Through immunoprecipitation-mass spectrometry (IP-MS) and co-immunoprecipitation (Co-IP) experiments, the researchers found that RASD2 interacts with CTPS1 and promotes its SUMOylation modification. CTPS1 is a key metabolic enzyme that catalyzes the conversion of uridine triphosphate (UTP) to cytidine triphosphate (CTP), participating in cell proliferation and metabolism. The study found that RASD2 enhances the stability of CTPS1 by promoting its SUMOylation and inhibiting its ubiquitination, thereby promoting the progression of endometriosis.

5. Role of the Histone Lactylation/RASD2/CTPS1 Axis in Endometriosis

Through in vivo experiments, the researchers constructed an endometriosis mouse model and administered glycolysis inhibitors. The results showed that 2-DG and sodium oxamate significantly inhibited the growth of endometriosis lesions and reduced the expression levels of histone lactylation, RASD2, and CTPS1. These results indicate that inhibiting the histone lactylation/RASD2/CTPS1 axis can effectively suppress the progression of endometriosis.

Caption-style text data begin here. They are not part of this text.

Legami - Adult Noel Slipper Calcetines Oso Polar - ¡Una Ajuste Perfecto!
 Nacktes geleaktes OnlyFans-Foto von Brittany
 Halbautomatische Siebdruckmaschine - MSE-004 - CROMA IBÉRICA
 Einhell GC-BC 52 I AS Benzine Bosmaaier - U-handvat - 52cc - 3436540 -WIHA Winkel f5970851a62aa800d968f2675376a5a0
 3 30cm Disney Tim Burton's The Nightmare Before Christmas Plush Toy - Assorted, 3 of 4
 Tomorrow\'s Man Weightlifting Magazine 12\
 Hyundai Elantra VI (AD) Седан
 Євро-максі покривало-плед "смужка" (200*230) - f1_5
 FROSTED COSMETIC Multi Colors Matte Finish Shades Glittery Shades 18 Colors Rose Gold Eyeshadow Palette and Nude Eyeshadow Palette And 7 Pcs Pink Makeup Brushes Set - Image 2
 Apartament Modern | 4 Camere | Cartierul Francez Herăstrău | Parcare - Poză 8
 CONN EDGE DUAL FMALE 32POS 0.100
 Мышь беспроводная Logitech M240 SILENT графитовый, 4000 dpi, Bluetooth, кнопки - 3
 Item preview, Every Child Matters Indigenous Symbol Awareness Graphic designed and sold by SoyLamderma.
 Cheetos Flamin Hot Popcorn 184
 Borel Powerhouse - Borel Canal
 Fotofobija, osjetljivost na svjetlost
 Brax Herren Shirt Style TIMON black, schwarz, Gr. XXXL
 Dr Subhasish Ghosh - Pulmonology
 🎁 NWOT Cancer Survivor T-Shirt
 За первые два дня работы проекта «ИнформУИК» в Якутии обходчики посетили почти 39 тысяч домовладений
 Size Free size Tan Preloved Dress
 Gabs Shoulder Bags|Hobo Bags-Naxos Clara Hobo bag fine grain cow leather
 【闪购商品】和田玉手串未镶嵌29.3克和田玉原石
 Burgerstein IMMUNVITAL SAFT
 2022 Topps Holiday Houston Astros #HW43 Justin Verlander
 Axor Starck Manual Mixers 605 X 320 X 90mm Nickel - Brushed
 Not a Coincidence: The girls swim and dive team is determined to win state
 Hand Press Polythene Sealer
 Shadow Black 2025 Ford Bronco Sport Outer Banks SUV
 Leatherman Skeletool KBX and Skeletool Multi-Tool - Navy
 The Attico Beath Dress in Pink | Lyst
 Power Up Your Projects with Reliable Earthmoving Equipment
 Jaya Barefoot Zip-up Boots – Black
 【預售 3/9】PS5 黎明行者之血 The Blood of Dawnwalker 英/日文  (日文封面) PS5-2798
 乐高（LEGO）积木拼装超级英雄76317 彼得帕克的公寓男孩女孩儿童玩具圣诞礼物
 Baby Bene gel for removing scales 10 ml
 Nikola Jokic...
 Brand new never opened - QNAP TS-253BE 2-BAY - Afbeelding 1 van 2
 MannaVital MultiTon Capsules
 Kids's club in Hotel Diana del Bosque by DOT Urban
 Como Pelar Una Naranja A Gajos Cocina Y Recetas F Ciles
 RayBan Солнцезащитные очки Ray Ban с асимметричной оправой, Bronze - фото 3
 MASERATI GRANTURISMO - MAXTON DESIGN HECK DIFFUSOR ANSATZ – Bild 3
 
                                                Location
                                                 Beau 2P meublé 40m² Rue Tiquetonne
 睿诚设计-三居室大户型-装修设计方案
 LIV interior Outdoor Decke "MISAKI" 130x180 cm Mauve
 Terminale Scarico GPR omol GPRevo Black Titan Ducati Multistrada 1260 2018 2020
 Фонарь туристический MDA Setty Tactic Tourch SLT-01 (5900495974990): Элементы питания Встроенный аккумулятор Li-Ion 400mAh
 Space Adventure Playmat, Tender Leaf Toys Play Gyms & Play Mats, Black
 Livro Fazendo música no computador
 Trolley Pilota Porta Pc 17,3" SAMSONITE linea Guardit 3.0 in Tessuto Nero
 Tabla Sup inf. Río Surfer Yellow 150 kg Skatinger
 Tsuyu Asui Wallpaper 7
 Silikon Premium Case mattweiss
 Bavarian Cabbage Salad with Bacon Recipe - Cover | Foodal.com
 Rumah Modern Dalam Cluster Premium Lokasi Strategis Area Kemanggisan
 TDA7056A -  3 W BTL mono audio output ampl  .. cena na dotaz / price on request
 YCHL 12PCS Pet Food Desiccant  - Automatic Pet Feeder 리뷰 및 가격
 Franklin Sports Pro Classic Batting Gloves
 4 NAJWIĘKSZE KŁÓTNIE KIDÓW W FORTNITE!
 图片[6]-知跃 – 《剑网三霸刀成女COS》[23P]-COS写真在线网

Conclusions and Significance

This study revealed a new mechanism by which histone lactylation promotes the progression of endometriosis by upregulating RASD2 expression, enhancing CTPS1 SUMOylation, and increasing CTPS1 stability. This discovery provides new potential targets for the diagnosis and treatment of endometriosis. Inhibiting histone lactylation or targeting RASD2 and CTPS1 may become an effective therapeutic strategy to inhibit the growth of endometriosis lesions.

Research Highlights

1. Discovery of a New Mechanism: This study is the first to reveal the role of the histone lactylation/RASD2/CTPS1 axis in endometriosis, providing a new perspective for understanding the pathogenesis of this disease.
2. Potential Therapeutic Targets: RASD2 and CTPS1, as key regulators of endometriosis, may become new therapeutic targets in the future.
3. Combination of In Vivo and In Vitro Experiments: The study comprehensively validated the pro-progression role of histone lactylation in endometriosis through both in vivo and in vitro experiments, enhancing the credibility of the conclusions.

Other Valuable Information

The study also found that RASD2 can affect the stability of CTPS1 by regulating its SUMOylation and ubiquitination modifications, providing new insights into the role of protein modifications in diseases. Additionally, the potential application of glycolysis inhibitors in suppressing the progression of endometriosis offers experimental evidence for the future development of new therapeutic drugs.